The HPQUANTSELECT Procedure

OUTPUT Statement

  • OUTPUT <OUT=SAS-data-set>
    <COPYVARS=(variables)>
    <keyword <=name>>…<keyword <=name>>
    ;

The OUTPUT statement creates a data set that contains observationwise statistics, which are computed after the final selected model is fit. To avoid data duplication for large data sets, the variables in the input data set are not included in the output data set; however, variables that are specified in the ID statement or COPYVARS= option are included.

If the input data are in distributed form, where access of data in a particular order cannot be guaranteed, the HPQUANTSELECT procedure copies the distribution or partition key to the output data set so that its contents can be joined with the input data.
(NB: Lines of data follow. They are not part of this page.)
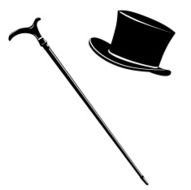 Top Hat and Cane Icon Silhouette N2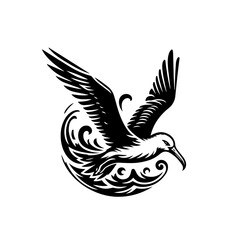 Stylized Black Silhouette of a Seagull in Flight Over Waves.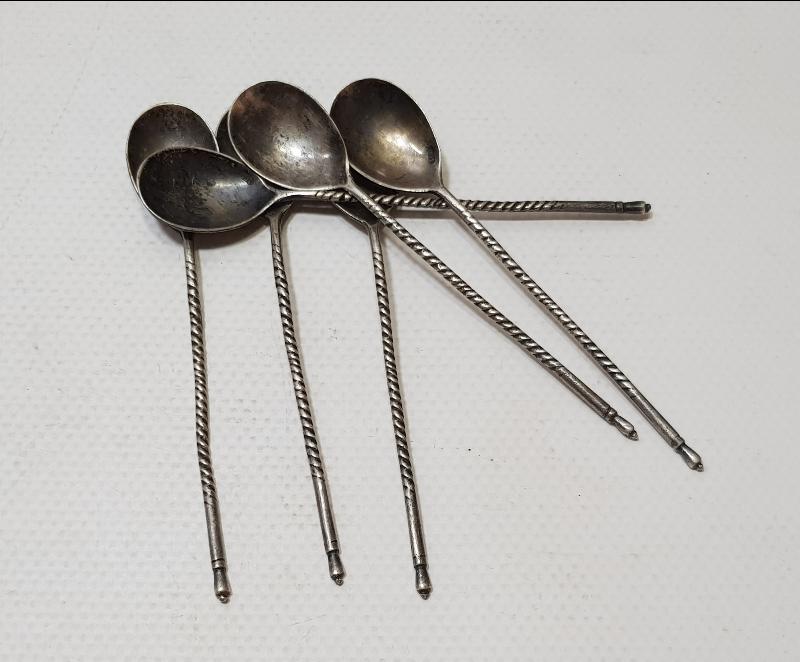 OSMANLI DÖNEMİ İZMİR RUM İŞİ ÇOK NADİR GÜMÜŞ ÇAY KAŞIĞI SETİ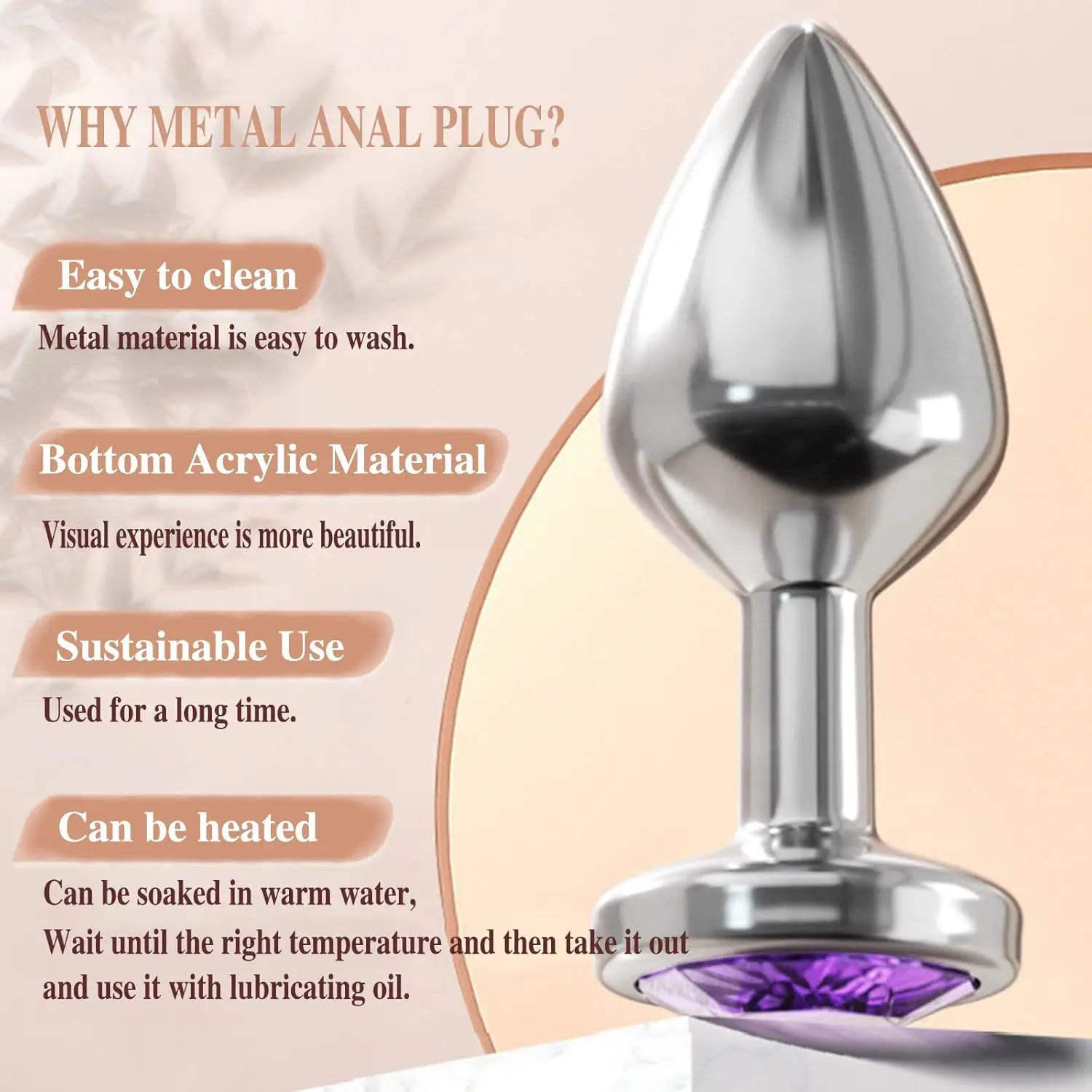 Metal Butt Anal Trainer Jewel Butt Plug Kit S&M Woman Men for Beginners Medium/Small 2Pcs Set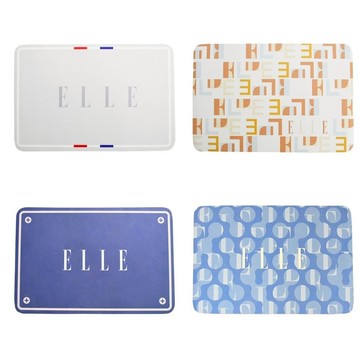 【ELLE】皮革超薄吸水止滑踏墊_60x40cm 經典藍牌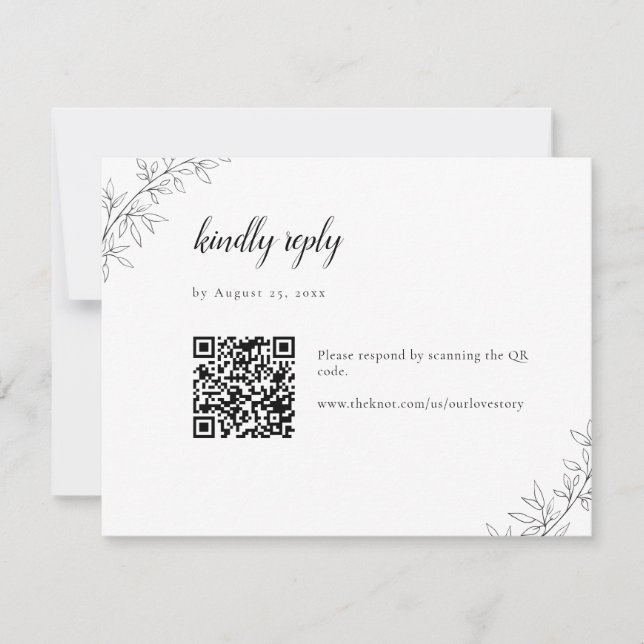 Minimalistisk botanisk bröllopps-elegant QR-kod OSA Kort (Framsida)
The output statistics are computed based on the parameter estimates for the selected model. If you specify multiple quantile levels by using the QUANTILE= option in the MODEL statement, then for each appropriate keyword that is specified in the OUTPUT statement, one variable is generated for each specified quantile level. These variables appear in the sorted order of the specified quantile levels. For example, the following statements generate the Out data set, which contains the two predicted quantile variables p1 and p2:

proc hpquantselect data=one;
   model y = x1-x4 /quantile=0.5 0.3;
   output out=out pred=p;
run;

The variable p1 is for quantile level 0.3, and the variable p2 is for quantile level 0.5, because the sorted quantile levels are (0.3 0.5), not (0.5 0.3).
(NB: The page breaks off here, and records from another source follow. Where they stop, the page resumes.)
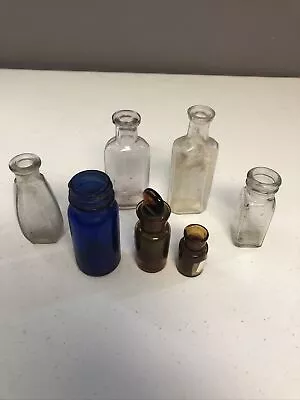 BROWN VINTAGE/ANTIQUE APOTHECRACY GLASS BOTTLES Lot Of 7  • $40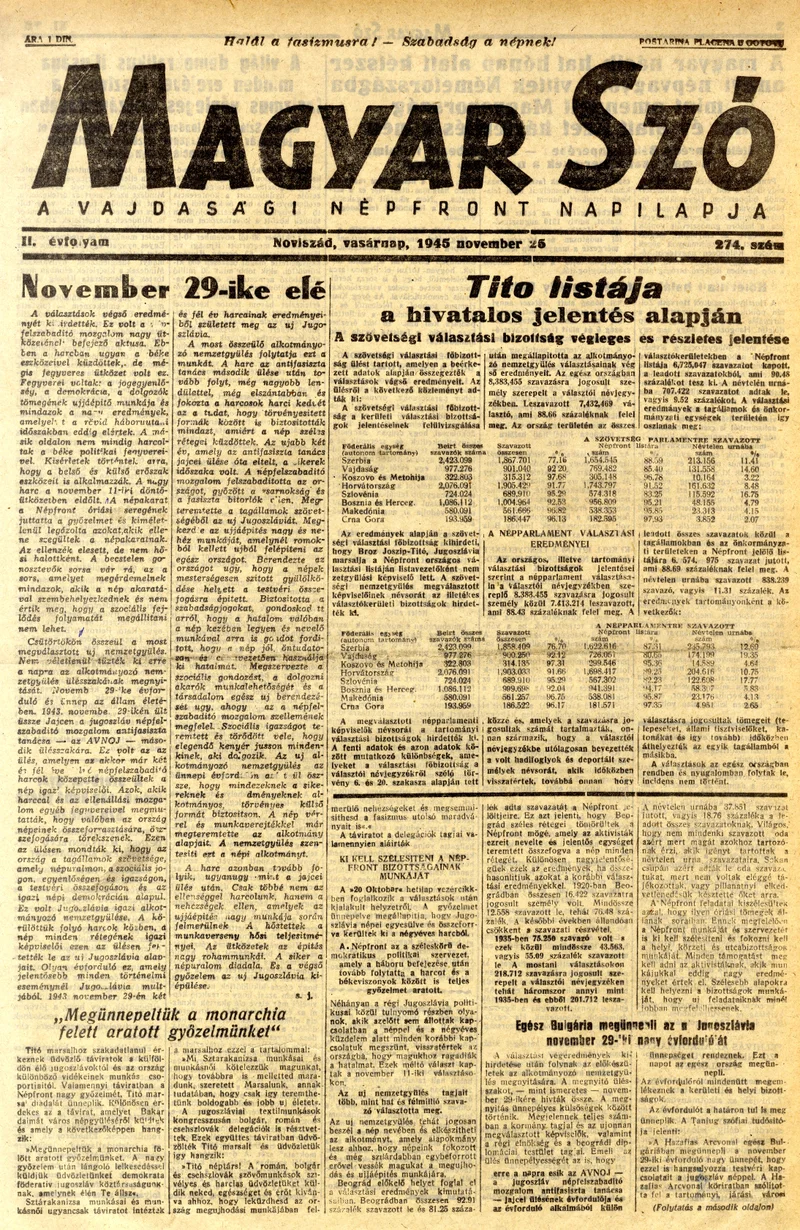 Magyar Szó, 2. évf. 1945. november 25. 274. sz. 1–8. oldal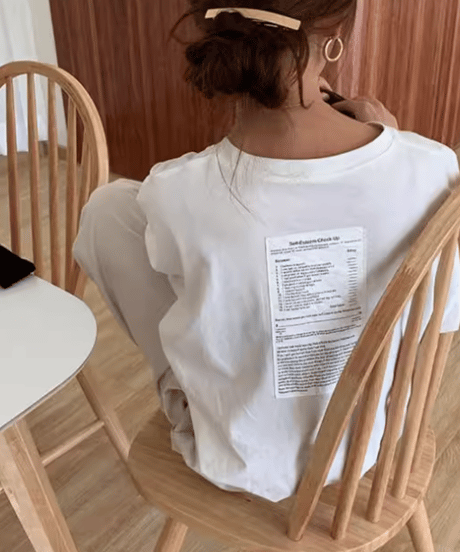 back logo sticker t-shirt /2color　　IR1534
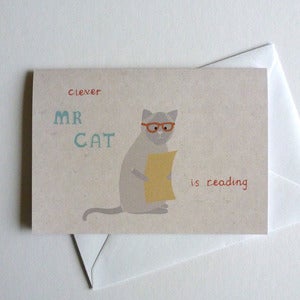 Image of Cat Reading Greeting Card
You can specify the following options in the OUTPUT statement:

OUT=SAS-data-set
DATA=SAS-data-set

specifies the name of the output data set. If you omit the OUT= (or DATA=) option, PROC HPQUANTSELECT uses the DATAn convention to name the output data set.

COPYVAR=variable
COPYVARS=(variables)

transfers one or more variables from the input data set to the output data set. Variables that you name in an ID statement are also copied from the input data set to the output data set.

keyword <=name>

specifies the statistics to include in the output data set and optionally names the new variables that contain the statistics. Specify a keyword for each desired statistic (see the following list of keywords), followed optionally by an equal sign and a variable to contain the statistic.

If you specify keyword=name, the new variable that contains the requested statistic has the specified name. If you omit the optional =name after a keyword, then a default name is used.

You can specify the following keywords to request statistics that are available with for selection methods:

LCLM

requests the lower bound of a $100(1-\alpha )$% confidence interval for the expected quantile of the dependent variable. The default variable name is LCLM.

PREDICTED
PRED
P

requests predicted values for the response variable. The default variable name is Pred.

RESIDUAL
RESID
R

requests the residual, calculated as ACTUAL – PREDICTED. The default variable name is Residual.

ROLE

requests a numeric variable that indicates the role that each observation plays in fitting the model. The default variable name is _ROLE_. For each observation, the interpretation of this variable is shown in Table 13.3.

Table 13.3: Role Interpretation

Value

Observation Role

0

Not used

1

Training

2

Validation

3

Testing


If you do not partition the input data by using a PARTITION statement, then the role variable value is 1 for observations that are used in fitting the model, and 0 for observations that have at least one missing or invalid value for the response, regressor, or weight variables.

You can use the following statements to display the values of the _ROLE_ variable in the output data set:

proc format;
   value role 0 = 'Not Used'
              1 = 'Training'
              2 = 'Validation'
              3 = 'Testing';
run;

proc freq;
   tables _role_;
   format _role_ role.;
run;
STDP

requests standard error of the mean predicted quantiles. The default variable name is STDP.

UCLM

requests the upper bound of a $100(1-\alpha )$% confidence interval for the expected quantile of the dependent variable. The default variable name is UCLM.